Johny Pitts foregrounds the everyday Black experience along the British coastline
“I keep everything,” Pitts laughs. “There’s so many terrible photographs in my archive. It’s about seven terabytes, and maybe only 3 per cent of it is usable. But it’s amazing how, as the years go by, I find new things. What I thought was a terrible image that just didn’t work, suddenly it’s like, ‘Actually, yeah.’ You see it in a new light.” As circumstances change, how one valorises images changes in tandem. Different stories can be extracted from the same materials, and one can re-evaluate what is considered worthy.

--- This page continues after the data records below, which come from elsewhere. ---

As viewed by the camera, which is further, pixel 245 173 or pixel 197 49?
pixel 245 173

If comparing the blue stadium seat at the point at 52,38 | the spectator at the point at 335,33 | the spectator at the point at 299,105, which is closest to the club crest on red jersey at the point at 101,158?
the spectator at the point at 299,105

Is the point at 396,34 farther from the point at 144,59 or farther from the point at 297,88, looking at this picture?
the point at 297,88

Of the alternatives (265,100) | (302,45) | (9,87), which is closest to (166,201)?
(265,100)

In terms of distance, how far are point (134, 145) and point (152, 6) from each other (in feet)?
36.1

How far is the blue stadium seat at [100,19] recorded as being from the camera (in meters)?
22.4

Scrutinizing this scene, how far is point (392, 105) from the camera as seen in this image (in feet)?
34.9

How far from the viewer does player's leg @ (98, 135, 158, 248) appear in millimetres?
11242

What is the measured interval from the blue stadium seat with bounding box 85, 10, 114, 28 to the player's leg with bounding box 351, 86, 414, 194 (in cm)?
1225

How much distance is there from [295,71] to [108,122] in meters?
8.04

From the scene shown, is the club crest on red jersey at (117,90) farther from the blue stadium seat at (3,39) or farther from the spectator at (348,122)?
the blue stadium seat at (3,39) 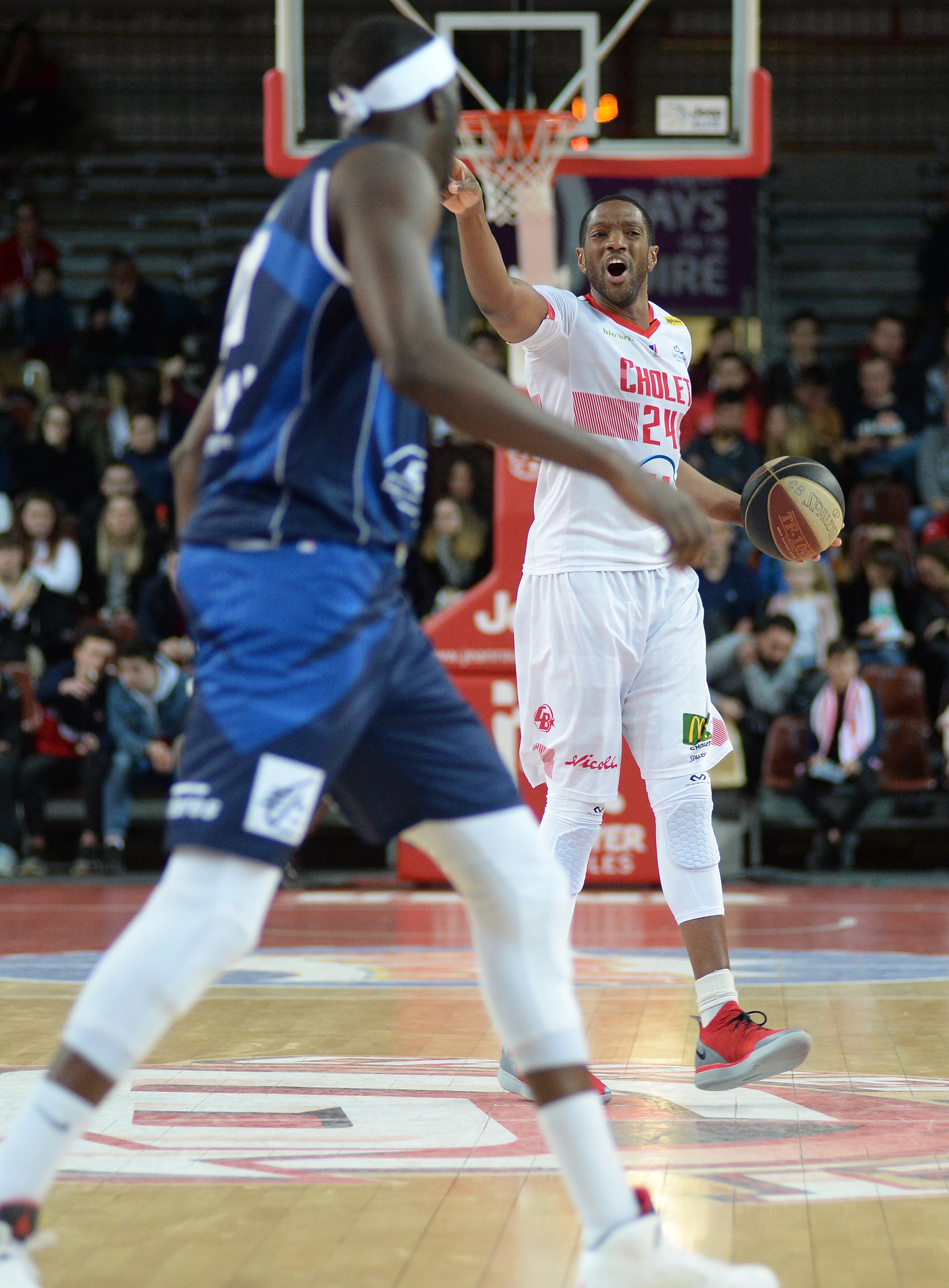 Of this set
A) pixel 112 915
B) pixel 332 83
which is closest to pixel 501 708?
pixel 112 915

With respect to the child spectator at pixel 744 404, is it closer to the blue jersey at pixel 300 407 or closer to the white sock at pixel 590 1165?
the blue jersey at pixel 300 407

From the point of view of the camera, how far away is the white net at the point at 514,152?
785cm

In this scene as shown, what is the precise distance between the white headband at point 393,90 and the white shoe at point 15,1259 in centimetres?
181

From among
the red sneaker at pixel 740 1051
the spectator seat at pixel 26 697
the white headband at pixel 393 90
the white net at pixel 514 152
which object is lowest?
the spectator seat at pixel 26 697

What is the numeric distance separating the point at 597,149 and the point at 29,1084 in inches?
230

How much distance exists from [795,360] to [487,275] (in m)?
9.54

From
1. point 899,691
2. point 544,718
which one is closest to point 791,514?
point 544,718

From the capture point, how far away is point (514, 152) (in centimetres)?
800

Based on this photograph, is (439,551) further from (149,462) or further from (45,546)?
(45,546)

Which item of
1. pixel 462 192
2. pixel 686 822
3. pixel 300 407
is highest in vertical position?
pixel 462 192

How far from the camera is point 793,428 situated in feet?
40.0

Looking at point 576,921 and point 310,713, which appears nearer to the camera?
point 310,713

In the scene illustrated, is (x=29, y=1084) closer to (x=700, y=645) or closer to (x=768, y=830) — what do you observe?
(x=700, y=645)

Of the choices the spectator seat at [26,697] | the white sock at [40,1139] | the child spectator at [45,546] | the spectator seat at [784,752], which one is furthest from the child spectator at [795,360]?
the white sock at [40,1139] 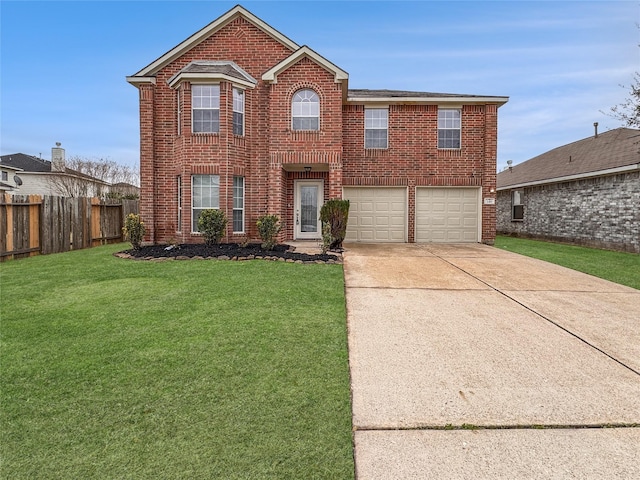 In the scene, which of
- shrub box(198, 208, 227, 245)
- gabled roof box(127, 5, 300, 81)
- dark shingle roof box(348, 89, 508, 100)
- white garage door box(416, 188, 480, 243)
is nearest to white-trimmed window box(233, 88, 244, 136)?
gabled roof box(127, 5, 300, 81)

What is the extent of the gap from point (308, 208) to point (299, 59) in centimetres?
542

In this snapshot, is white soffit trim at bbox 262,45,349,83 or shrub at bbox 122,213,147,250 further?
white soffit trim at bbox 262,45,349,83

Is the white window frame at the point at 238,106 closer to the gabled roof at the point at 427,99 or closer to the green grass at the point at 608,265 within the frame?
the gabled roof at the point at 427,99

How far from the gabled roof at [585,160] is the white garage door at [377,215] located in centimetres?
829

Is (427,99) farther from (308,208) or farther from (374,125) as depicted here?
(308,208)

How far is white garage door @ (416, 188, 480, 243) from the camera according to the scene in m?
15.1

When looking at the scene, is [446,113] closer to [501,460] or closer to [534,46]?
[534,46]

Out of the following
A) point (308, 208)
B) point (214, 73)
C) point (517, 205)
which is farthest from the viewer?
point (517, 205)

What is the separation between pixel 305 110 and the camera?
12898 mm

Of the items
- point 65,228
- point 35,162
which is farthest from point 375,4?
point 35,162

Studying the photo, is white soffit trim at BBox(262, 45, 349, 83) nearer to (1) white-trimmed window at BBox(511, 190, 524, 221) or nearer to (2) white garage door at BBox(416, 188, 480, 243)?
(2) white garage door at BBox(416, 188, 480, 243)

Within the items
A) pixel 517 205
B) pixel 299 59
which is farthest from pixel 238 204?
pixel 517 205

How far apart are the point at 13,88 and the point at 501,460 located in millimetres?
35844

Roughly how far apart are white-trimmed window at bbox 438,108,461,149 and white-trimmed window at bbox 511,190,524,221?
28.9 ft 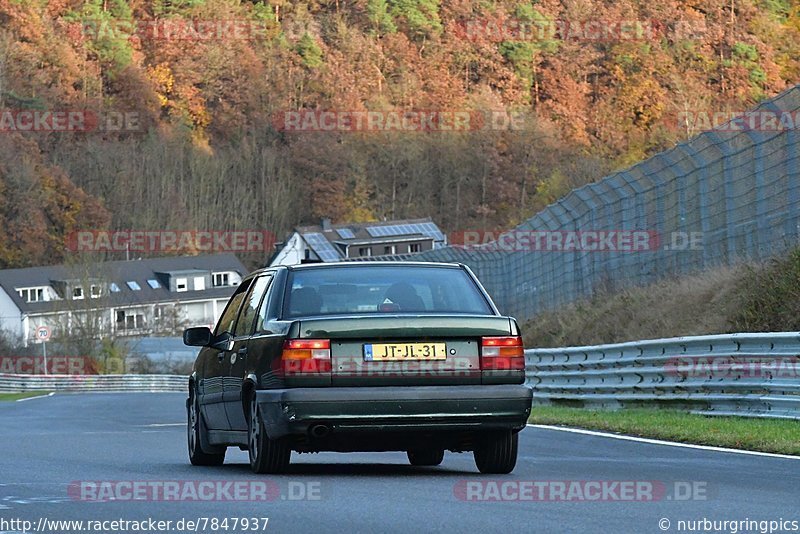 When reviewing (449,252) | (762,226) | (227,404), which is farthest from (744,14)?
(227,404)

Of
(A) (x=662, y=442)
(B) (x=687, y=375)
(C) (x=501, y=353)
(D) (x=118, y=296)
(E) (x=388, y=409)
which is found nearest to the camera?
(E) (x=388, y=409)

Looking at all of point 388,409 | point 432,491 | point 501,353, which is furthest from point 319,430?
point 501,353

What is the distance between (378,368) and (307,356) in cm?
46

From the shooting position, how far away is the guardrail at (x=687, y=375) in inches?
616

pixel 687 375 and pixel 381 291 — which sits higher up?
pixel 381 291

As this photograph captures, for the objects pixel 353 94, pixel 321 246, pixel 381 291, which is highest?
pixel 353 94

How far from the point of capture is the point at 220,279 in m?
116

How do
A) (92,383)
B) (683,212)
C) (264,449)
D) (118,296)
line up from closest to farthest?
1. (264,449)
2. (683,212)
3. (92,383)
4. (118,296)

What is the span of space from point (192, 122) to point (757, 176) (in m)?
107

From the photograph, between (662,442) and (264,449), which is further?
(662,442)

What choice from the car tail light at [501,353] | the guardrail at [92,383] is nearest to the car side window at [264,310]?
the car tail light at [501,353]

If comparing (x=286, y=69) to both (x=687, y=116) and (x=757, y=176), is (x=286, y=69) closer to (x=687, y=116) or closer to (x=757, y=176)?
(x=687, y=116)

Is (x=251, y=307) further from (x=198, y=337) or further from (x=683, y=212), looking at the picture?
(x=683, y=212)

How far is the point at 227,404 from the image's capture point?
11336 millimetres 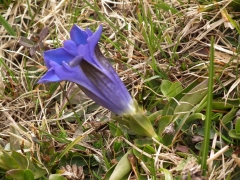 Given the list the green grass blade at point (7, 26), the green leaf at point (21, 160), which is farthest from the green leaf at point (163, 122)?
the green grass blade at point (7, 26)

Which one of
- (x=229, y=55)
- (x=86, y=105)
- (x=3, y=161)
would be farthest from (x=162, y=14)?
(x=3, y=161)

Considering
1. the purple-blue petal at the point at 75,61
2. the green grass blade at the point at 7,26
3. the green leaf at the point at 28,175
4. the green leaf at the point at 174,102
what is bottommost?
the green leaf at the point at 28,175

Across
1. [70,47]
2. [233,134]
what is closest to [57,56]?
[70,47]

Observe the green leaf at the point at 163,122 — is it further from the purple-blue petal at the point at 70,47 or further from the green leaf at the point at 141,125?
the purple-blue petal at the point at 70,47

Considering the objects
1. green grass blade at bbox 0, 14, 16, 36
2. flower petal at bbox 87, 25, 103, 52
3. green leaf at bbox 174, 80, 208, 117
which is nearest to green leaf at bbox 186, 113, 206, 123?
green leaf at bbox 174, 80, 208, 117

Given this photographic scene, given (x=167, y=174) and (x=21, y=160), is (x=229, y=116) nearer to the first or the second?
(x=167, y=174)

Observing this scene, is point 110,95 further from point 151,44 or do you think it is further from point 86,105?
point 151,44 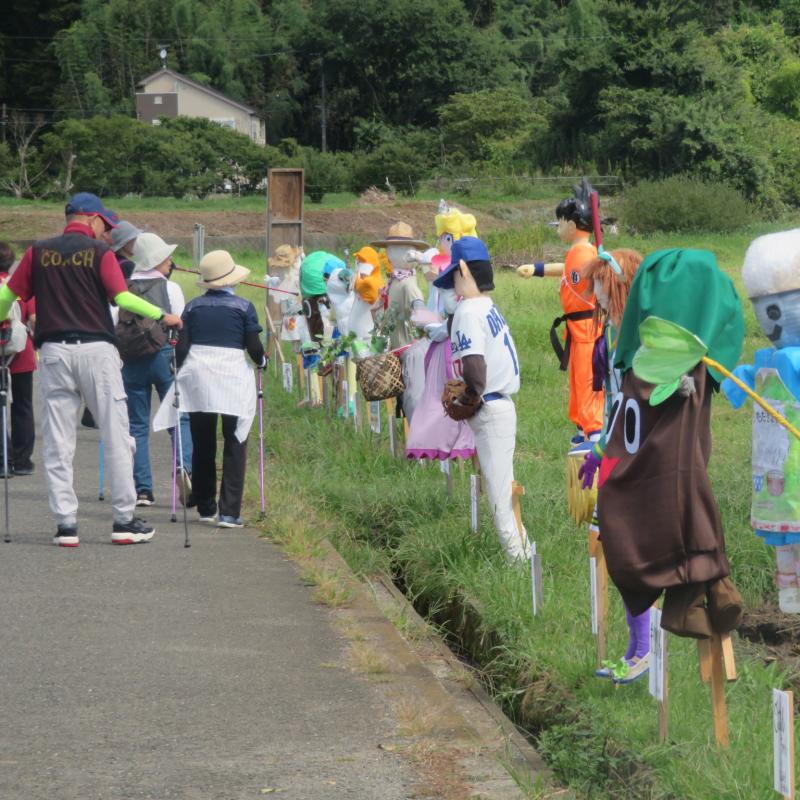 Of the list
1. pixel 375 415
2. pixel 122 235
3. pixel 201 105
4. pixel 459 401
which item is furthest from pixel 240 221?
pixel 459 401

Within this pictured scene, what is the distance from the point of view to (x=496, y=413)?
307 inches

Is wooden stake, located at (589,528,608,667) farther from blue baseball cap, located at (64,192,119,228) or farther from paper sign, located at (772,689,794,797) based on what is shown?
blue baseball cap, located at (64,192,119,228)

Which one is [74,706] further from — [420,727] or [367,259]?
[367,259]

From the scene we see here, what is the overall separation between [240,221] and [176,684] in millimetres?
45449

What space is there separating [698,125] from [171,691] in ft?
148

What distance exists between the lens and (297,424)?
1373 centimetres

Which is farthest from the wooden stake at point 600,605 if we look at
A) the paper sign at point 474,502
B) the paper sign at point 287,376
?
the paper sign at point 287,376

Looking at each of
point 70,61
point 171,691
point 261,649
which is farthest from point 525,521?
point 70,61

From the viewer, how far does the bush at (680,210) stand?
137 ft

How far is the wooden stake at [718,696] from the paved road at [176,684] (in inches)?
42.7

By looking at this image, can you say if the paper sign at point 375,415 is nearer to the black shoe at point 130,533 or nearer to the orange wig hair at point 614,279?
the black shoe at point 130,533

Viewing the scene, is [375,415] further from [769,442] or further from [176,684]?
[769,442]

A companion exhibition to the book is on show at Graves Gallery in Sheffield – Pitts’ hometown – until 24 December, and will migrate to Stills in Edinburgh in spring 2023. The exhibition was commissioned by Photoworks for the inaugural Ampersand/Photoworks Fellowship. “I wanted to create conditions under which a Black or working-class community could feel at home,” Pitts says. “It’s important to take all these semiotic visuals and atmospheres and think, ‘How do I welcome people into this space?’” Pitts’ family helped bring the exhibition to life: his sister made a playlist from a local pirate radio station and a table for people to sit at, peppered with maps and family albums. His cousin constructed a model of Pitts’ childhood home; his niece and her friends helped with production. Creating a feeling of respite was important, and Pitts wants viewers to find resonance in his images beyond the artistic effort that brought them about. Appreciative visitors have contacted him to say: ‘I was looking through your family albums, and I remembered having wallpaper like that’. “Those little touches,” says Pitts, “mean everything to me.”